I didn't get the idea of ranking. But it's simple:

"In statistics, ranking is the data transformation in which numerical or ordinal values are replaced by their rank when the data are sorted. For example, the numerical data 3.4, 5.1, 2.6, 7.3 are observed, the ranks of these data items would be 2, 3, 1 and 4 respectively. For example, the ordinal data hot, cold, warm would be replaced by 3, 1, 2."

https://en.m.wikipedia.org/wiki/Ranking

Also learned that a Spearman coeff is just the Pearson coefficient taken on the rank of the data, instead of on the raw data.

But whereas Pearson/Spearman takes the sum of product of data/mean differences (Σ(x-x̄)(y-ȳ)/σxσy) where x̄ is mean and σ=std. dev., Chatterjee takes sum of rank differences (3Σ(rᵢ₊₁-rᵢ)/n²-1), concerning just the ranks of the Y data after the X,Y pairs have been sorted by X.

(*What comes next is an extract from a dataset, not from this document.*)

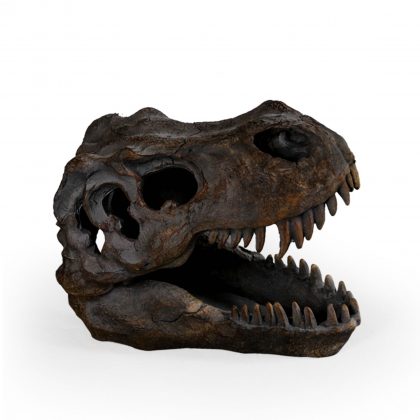 T-Rex dinosaur skull ornament table decor measures 12 x 16 x 20cm and has great paint finish texture and detailing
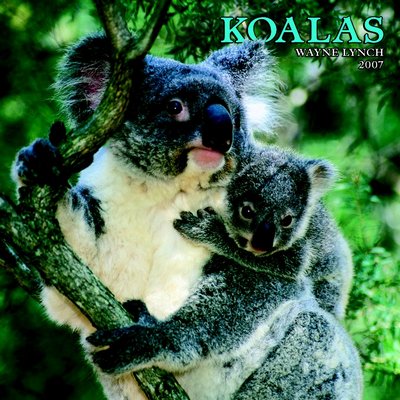 365 Calendars 2006 Koalas 2006 Calendar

But still missing the intuition for why the sum of difference of ranks is so useful or where the magic numbers come from.

2 comments

pmayrgundter

cornel_io 4 years ago

jmount has an explanation elsewhere in this thread linking to https://win-vector.com/2021/12/26/how-to-read-sourav-chatter... which does a great job of explaining the intuition, but in a nutshell the normalization factor of 3 comes from the fact that if you select two random points between 0 and 1, the mean distance between will be 1/3 (which is pretty easy to write down and solve, boils down the the fact that a pyramid of height 1 that's 1x1 at the base has volume = 1/3).

pmayrgundter 4 years ago

Thanks! That did it